** EXCERPTED RECORDS follows **

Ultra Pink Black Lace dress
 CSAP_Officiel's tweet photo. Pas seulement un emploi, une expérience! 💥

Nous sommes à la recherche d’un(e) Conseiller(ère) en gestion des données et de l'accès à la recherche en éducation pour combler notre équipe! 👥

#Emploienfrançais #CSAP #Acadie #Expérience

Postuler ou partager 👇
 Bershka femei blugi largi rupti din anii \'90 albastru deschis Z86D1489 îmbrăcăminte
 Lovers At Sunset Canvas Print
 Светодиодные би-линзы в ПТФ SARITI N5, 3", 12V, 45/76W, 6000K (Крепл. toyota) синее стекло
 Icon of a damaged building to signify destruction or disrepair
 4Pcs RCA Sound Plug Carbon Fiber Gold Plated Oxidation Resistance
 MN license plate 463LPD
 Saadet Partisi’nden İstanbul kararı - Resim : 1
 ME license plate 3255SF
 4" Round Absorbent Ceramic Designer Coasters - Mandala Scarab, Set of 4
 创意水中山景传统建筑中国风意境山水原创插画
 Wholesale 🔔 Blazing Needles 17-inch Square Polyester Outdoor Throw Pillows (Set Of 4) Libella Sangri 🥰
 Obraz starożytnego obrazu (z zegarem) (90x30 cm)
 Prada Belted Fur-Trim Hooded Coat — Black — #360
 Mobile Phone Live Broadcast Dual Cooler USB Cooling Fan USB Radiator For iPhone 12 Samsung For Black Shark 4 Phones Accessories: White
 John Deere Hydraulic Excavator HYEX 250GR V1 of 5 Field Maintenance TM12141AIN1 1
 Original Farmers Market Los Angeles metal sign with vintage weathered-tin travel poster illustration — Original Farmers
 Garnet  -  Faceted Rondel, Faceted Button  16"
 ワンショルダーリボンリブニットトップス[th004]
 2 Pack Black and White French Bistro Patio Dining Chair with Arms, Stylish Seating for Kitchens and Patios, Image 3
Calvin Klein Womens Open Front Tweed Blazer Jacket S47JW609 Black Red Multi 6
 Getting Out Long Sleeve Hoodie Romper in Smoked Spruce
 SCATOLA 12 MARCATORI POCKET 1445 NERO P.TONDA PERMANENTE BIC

** End of EXCERPTED RECORDS **

WHAT IS BEING ASKED:
Above are the records. Print exactly, and only, the lines from the line with "Prada Belted Fur-Trim" to the line with "Calvin Klein Womens", both inclusive.

SOLUTION TO THE EXERCISE:
 Prada Belted Fur-Trim Hooded Coat — Black — #360
 Mobile Phone Live Broadcast Dual Cooler USB Cooling Fan USB Radiator For iPhone 12 Samsung For Black Shark 4 Phones Accessories: White
 John Deere Hydraulic Excavator HYEX 250GR V1 of 5 Field Maintenance TM12141AIN1 1
 Original Farmers Market Los Angeles metal sign with vintage weathered-tin travel poster illustration — Original Farmers
 Garnet  -  Faceted Rondel, Faceted Button  16"
 ワンショルダーリボンリブニットトップス[th004]
 2 Pack Black and White French Bistro Patio Dining Chair with Arms, Stylish Seating for Kitchens and Patios, Image 3
Calvin Klein Womens Open Front Tweed Blazer Jacket S47JW609 Black Red Multi 6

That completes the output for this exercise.